Le Conseil économique et social (CES) et le Sénat du Bénin viennent d’être dotés de leurs membres. Léandre Houngbédji, ministre et porte-parole du gouvernement béninois, a présenté l’apport de ces deux institutions lors de l’émission Face à l’actualité, diffusée le 5 juillet.
Cette intervention fait suite au Conseil des ministres du 1er juillet 2026, présidé par Romuald Wadagni, qui a entériné la composition de ces deux institutions. Le CES compte désormais 114 conseillers répartis entre les douze départements du pays, chaque département disposant de membres désignés par les secteurs agricole, artisanal, commercial et industriel, par l’Assemblée nationale et par le chef de l’État. Le Sénat a connu ses propres nominations lors de la même séance gouvernementale.
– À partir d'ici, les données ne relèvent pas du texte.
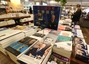 ▲10日午後、ソウル市鍾路区の書店「教保文庫」で、ジョー・バイデン米国大統領当選者の自叙伝などバイデン関連の書籍が並べられている様子。／写真＝聯合ニュース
Le CES, un relais de proximité pour le gouvernement
Face à l’idée selon laquelle l’exécutif assure déjà la reddition de comptes auprès des citoyens, Houngbédji a opposé un argument de proportion. Il a rappelé que le gouvernement ne compte qu’une vingtaine de membres pour environ 13 millions de Béninois, quand le CES aligne près d’une centaine de représentants, présents jusque dans la plupart des communes du pays. Selon lui, cette présence territoriale permet aux conseillers d’échanger directement avec les populations « dans les langues les plus parlées », un atout que le porte-parole ne peut reproduire seul, faute de maîtriser l’ensemble des langues nationales. Le ministre a présenté cette proximité linguistique comme un levier de compréhension des lois, la meilleure compréhension des textes favorisant, selon lui, un engagement civique renforcé.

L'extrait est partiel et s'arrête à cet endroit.